(DATA UNDER STUDY Opens)

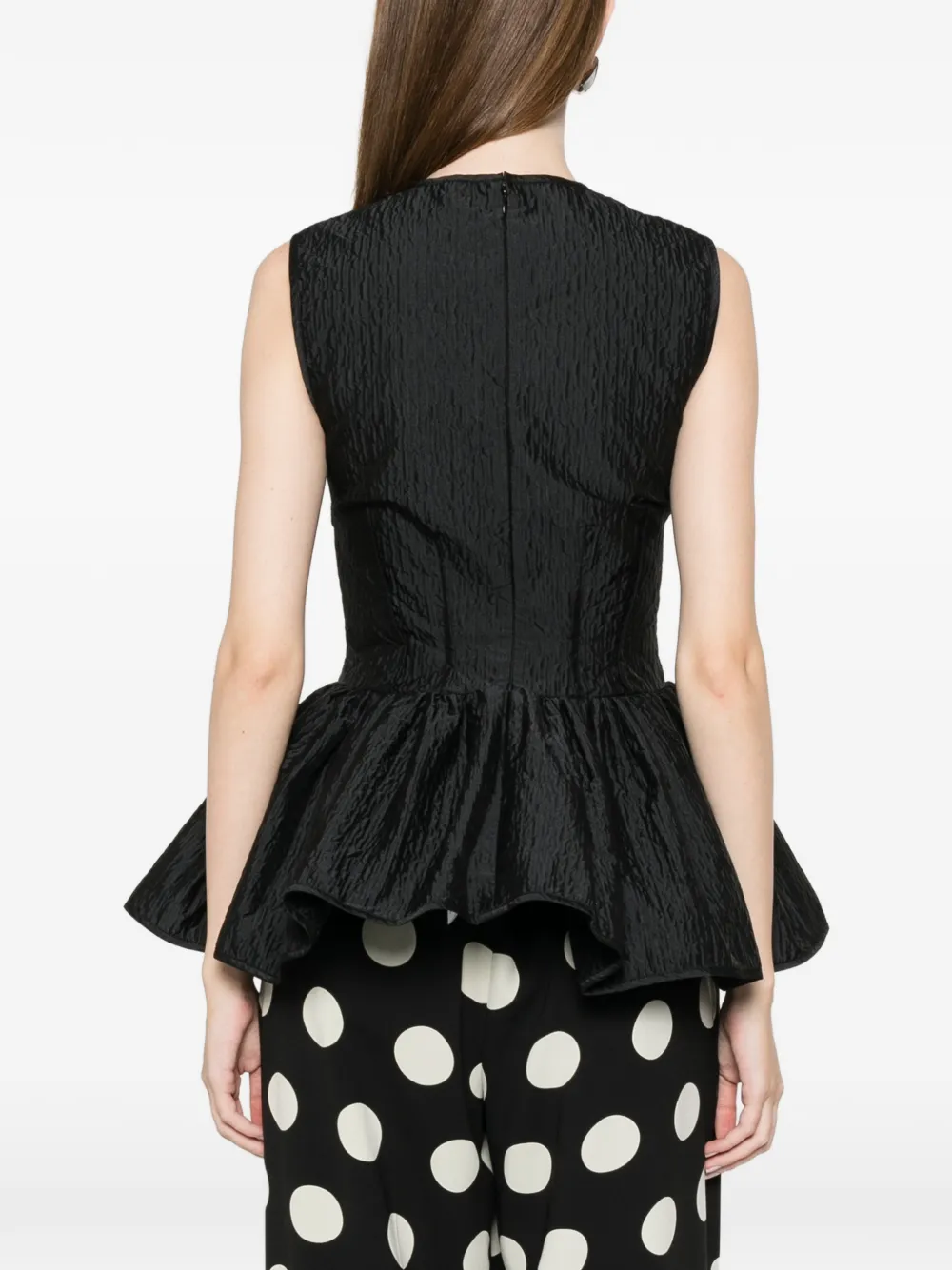 Cecilie Bahnsen Cbdaimi top met peplum-design en textuur Zwart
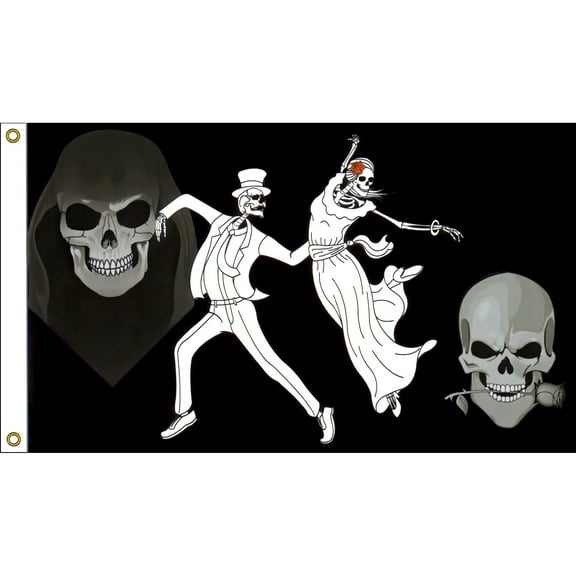 Eagle Emblems Dancing Skeletons Pirate Flag with Grommets 3ft x 5ft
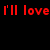 Animated contact sheet of 16 frames showing repeated text "I'll love you" in red with a rainbow-colored word progression from left to right across the bottom row, all on black background.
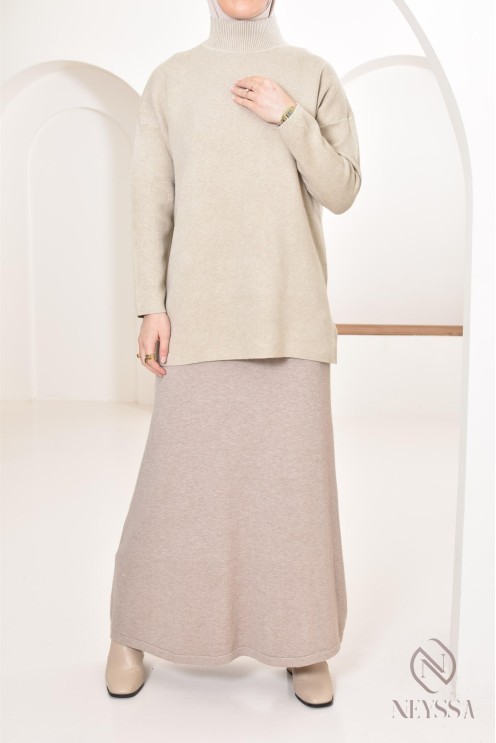 Modest loose knit sweater, stand-up collar, hijabi modest outfit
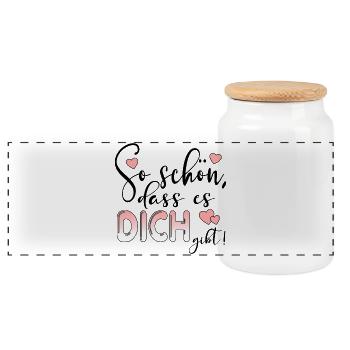 JAHRESTAG SPRÜCHE Beziehung - Panorama Keksdose mit Holzdeckel - Weiß - Vorne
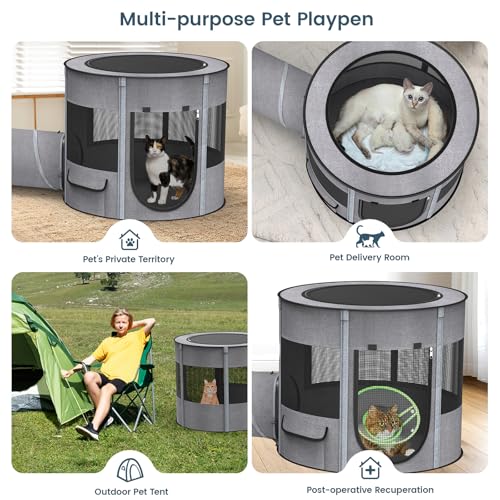 Portable Cat Playpen with Tunnel (XL-Tunnel)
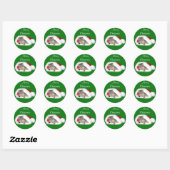 Sticker Rond Noël Tabby kitten (Feuille)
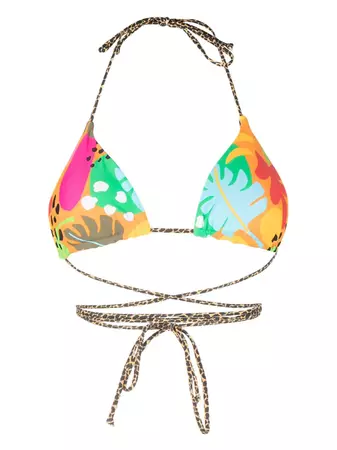 It's Now Cool graphic-print Wraparound Bikini Top - Farfetch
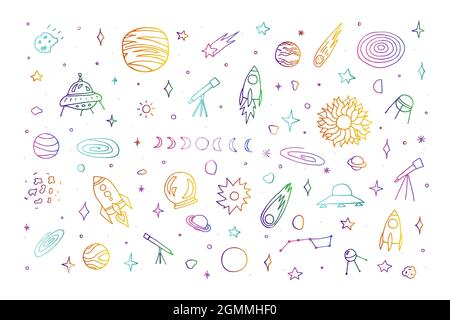 Space Doodle Set. Planet, Raketen, Sterne, Kometen, ufo, Auf weißem Hintergrund isolierte Sternbilder, Monde, Farbe astronomische Objekte sammeln Stock Vektor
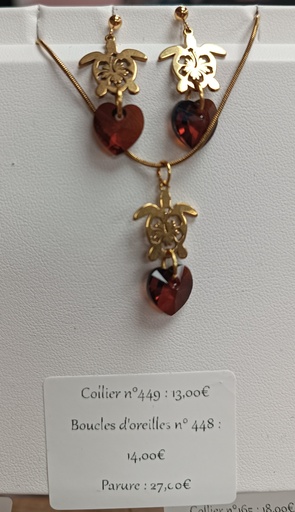 Collier argenté tortue Coeurs PureCrystal Smoked Amber (Fééries)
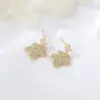 Wholesale Maple Leaf Stud Earrings For Women With 925 Sterling Silver Posts, Copper Base, 14K Real Gold Plated And Zircon Inlay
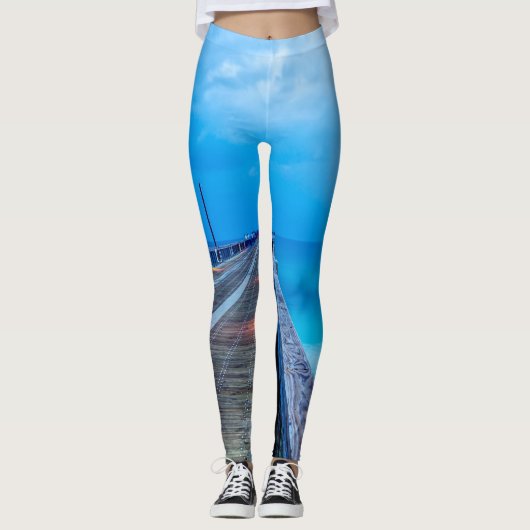 bliksem op Navarra Beach pier Leggings (Voorkant)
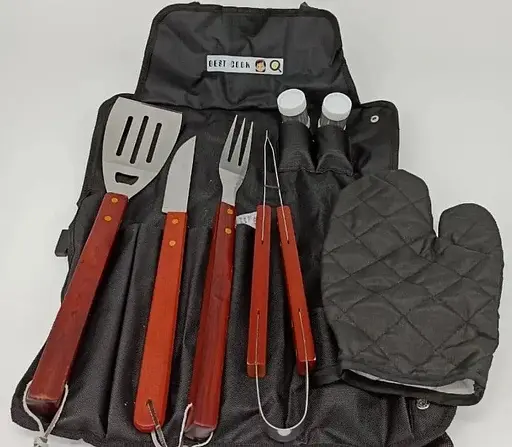 Набор для гриля и барбекю: 7 аксессуаров с фартуком - Для любителей BBQ - A-Plus 8536 - фото 6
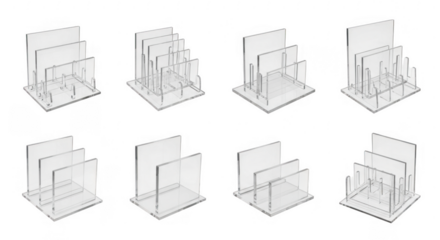 Modern Acrylic Display Stands for Organizing Documents, Brochures, or Photos in a Stylish Manner, isolated on a transparent background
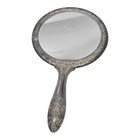 Antique Silverplate Vanity Hand Mirror Rose Pattern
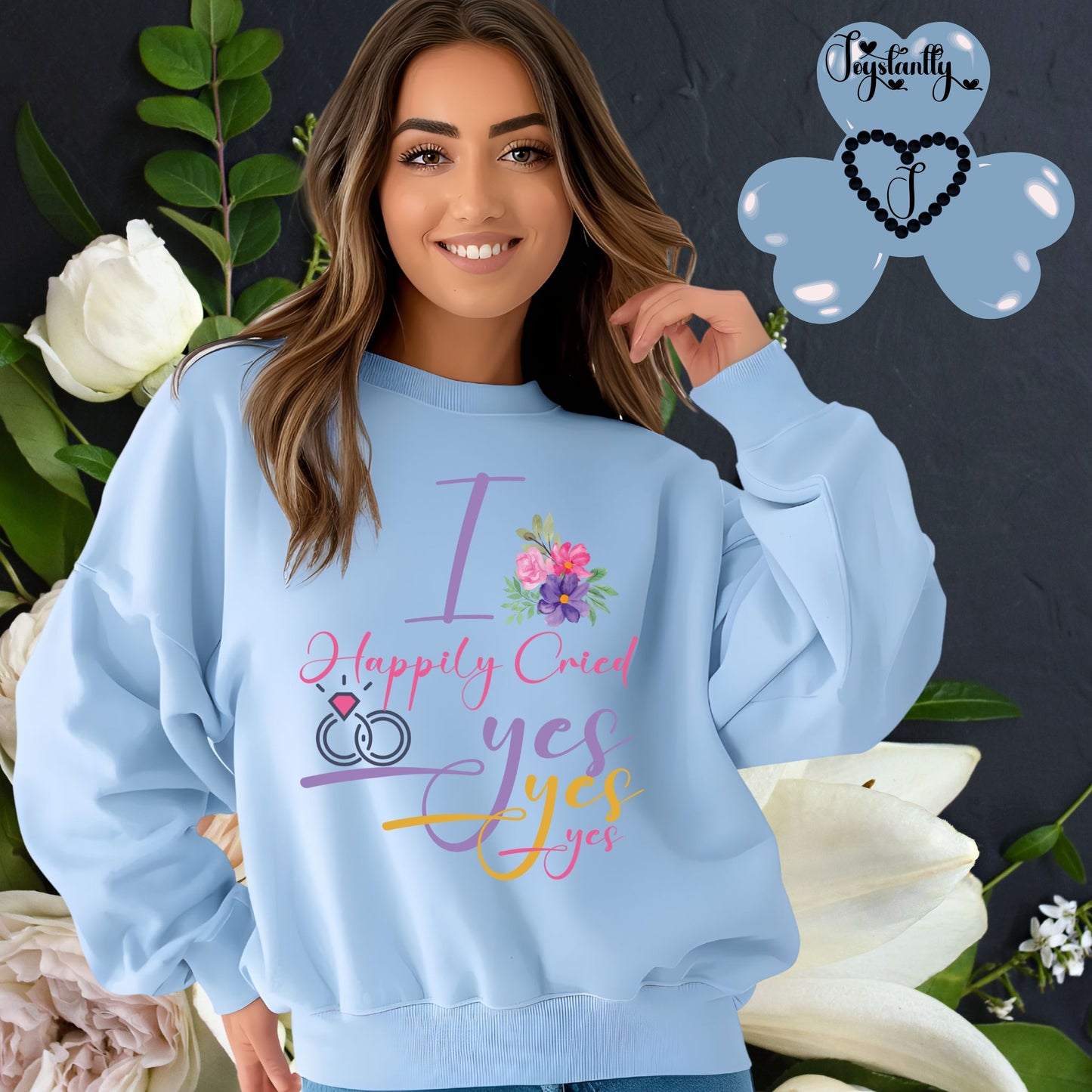 Engagement light blue sweatshirt for bride and bridal party.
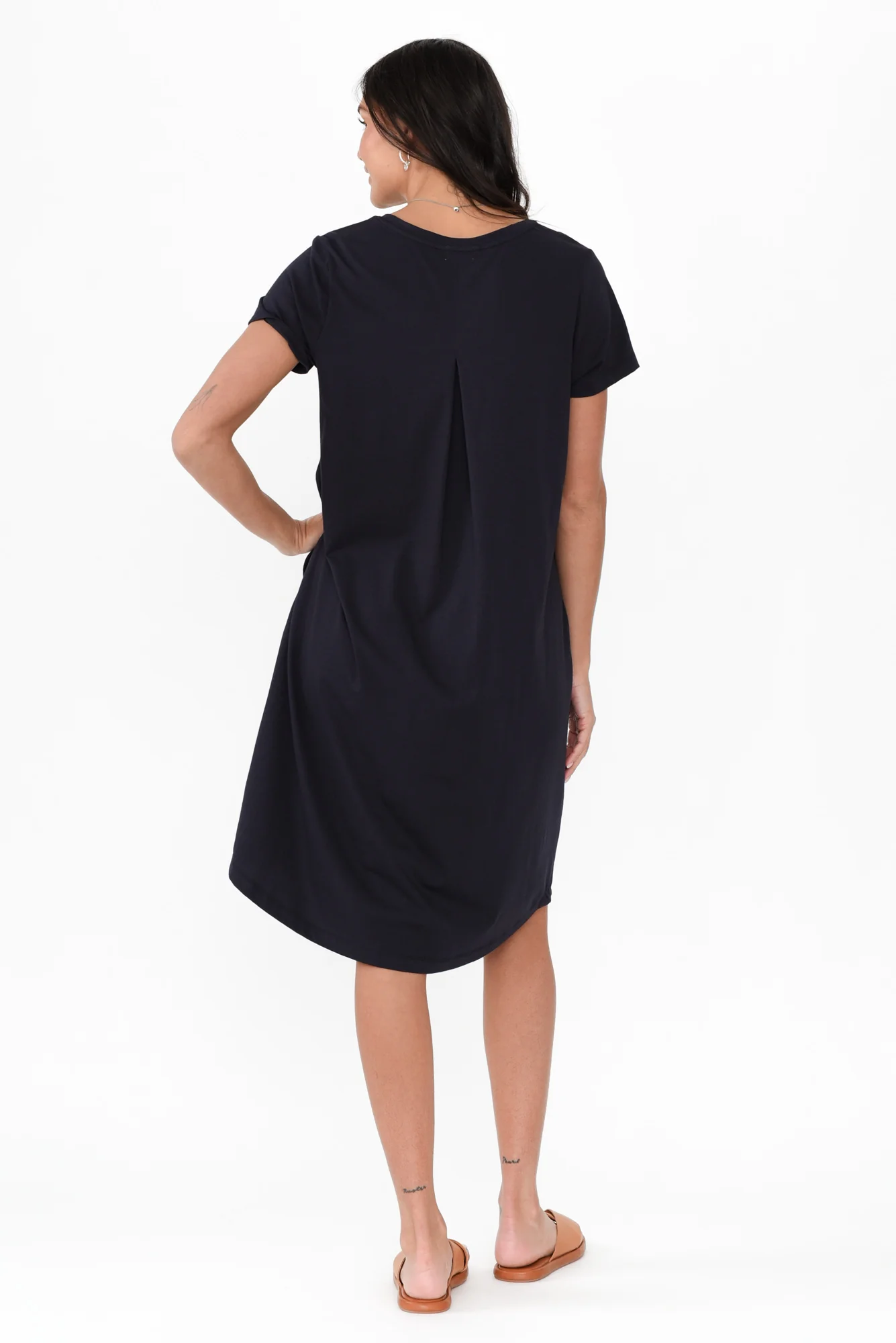 Mandy Navy Cotton Tee Dress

(DATA UNDER STUDY Closes)

◆ **YOUR OBJECTIVE**: From the first line to the last, repeat the records exactly. Leave out the pictures.

◆ **WRITTEN ANSWER**:
 Cecilie Bahnsen Cbdaimi top met peplum-design en textuur Zwart
 Eagle Emblems Dancing Skeletons Pirate Flag with Grommets 3ft x 5ft
 Animated contact sheet of 16 frames showing repeated text "I'll love you" in red with a rainbow-colored word progression from left to right across the bottom row, all on black background.
 Modest loose knit sweater, stand-up collar, hijabi modest outfit
 JAHRESTAG SPRÜCHE Beziehung - Panorama Keksdose mit Holzdeckel - Weiß - Vorne
 Portable Cat Playpen with Tunnel (XL-Tunnel)
 Sticker Rond Noël Tabby kitten (Feuille)
 It's Now Cool graphic-print Wraparound Bikini Top - Farfetch
 Space Doodle Set. Planet, Raketen, Sterne, Kometen, ufo, Auf weißem Hintergrund isolierte Sternbilder, Monde, Farbe astronomische Objekte sammeln Stock Vektor
 Collier argenté tortue Coeurs PureCrystal Smoked Amber (Fééries)
 Wholesale Maple Leaf Stud Earrings For Women With 925 Sterling Silver Posts, Copper Base, 14K Real Gold Plated And Zircon Inlay
 bliksem op Navarra Beach pier Leggings (Voorkant)
 Набор для гриля и барбекю: 7 аксессуаров с фартуком - Для любителей BBQ - A-Plus 8536 - фото 6
 Modern Acrylic Display Stands for Organizing Documents, Brochures, or Photos in a Stylish Manner, isolated on a transparent background
 Antique Silverplate Vanity Hand Mirror Rose Pattern
 Engagement light blue sweatshirt for bride and bridal party.
 Mandy Navy Cotton Tee Dress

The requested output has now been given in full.